Required from the data below: the exact lines starting at the line containing "WILO THE LABEL" and ending at the line containing "Minimal & Modern", with both ends kept and all pictures dropped.

[MATERIAL FOR THE TASK]

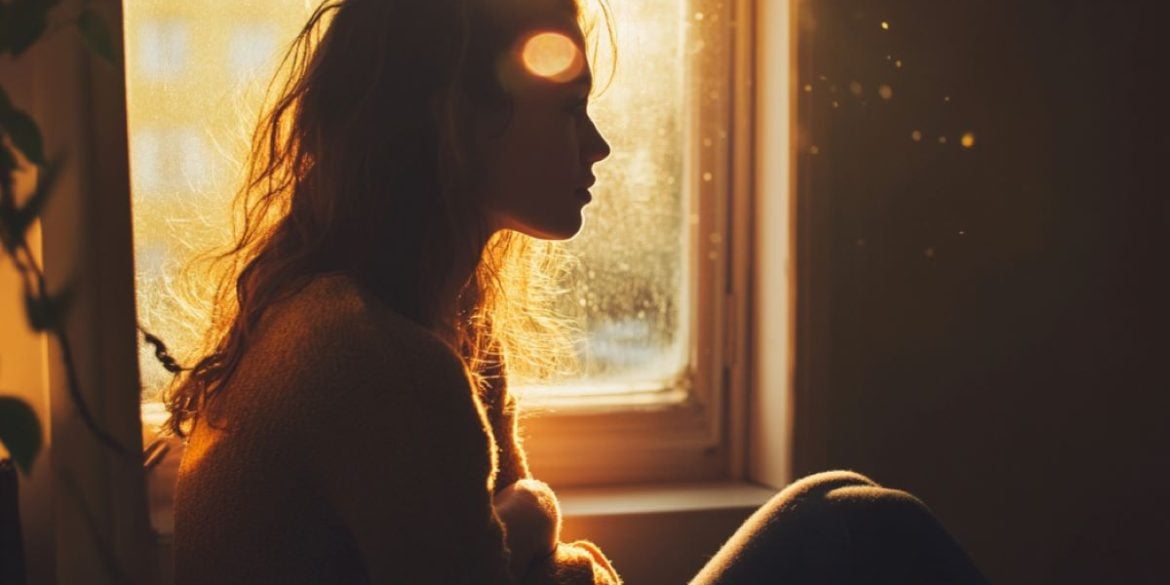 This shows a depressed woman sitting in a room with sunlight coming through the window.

[/MATERIAL FOR THE TASK]
[MATERIAL FOR THE TASK]

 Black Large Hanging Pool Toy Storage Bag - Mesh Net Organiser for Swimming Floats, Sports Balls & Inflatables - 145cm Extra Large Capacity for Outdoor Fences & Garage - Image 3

[/MATERIAL FOR THE TASK]
[MATERIAL FOR THE TASK]

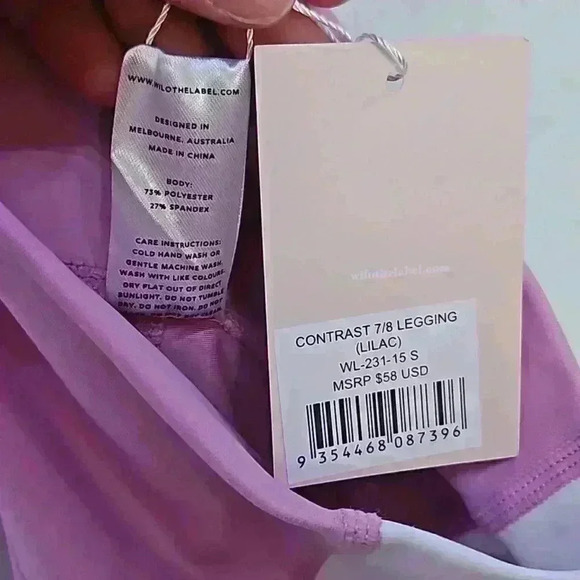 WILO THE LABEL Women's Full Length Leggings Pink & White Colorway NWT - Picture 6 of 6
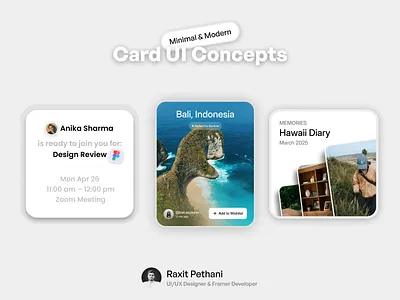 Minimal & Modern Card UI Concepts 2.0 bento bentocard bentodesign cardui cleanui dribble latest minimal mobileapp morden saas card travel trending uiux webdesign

[/MATERIAL FOR THE TASK]

RESPONSE TO THE EXERCISE:
 WILO THE LABEL Women's Full Length Leggings Pink & White Colorway NWT - Picture 6 of 6
 Minimal & Modern Card UI Concepts 2.0 bento bentocard bentodesign cardui cleanui dribble latest minimal mobileapp morden saas card travel trending uiux webdesign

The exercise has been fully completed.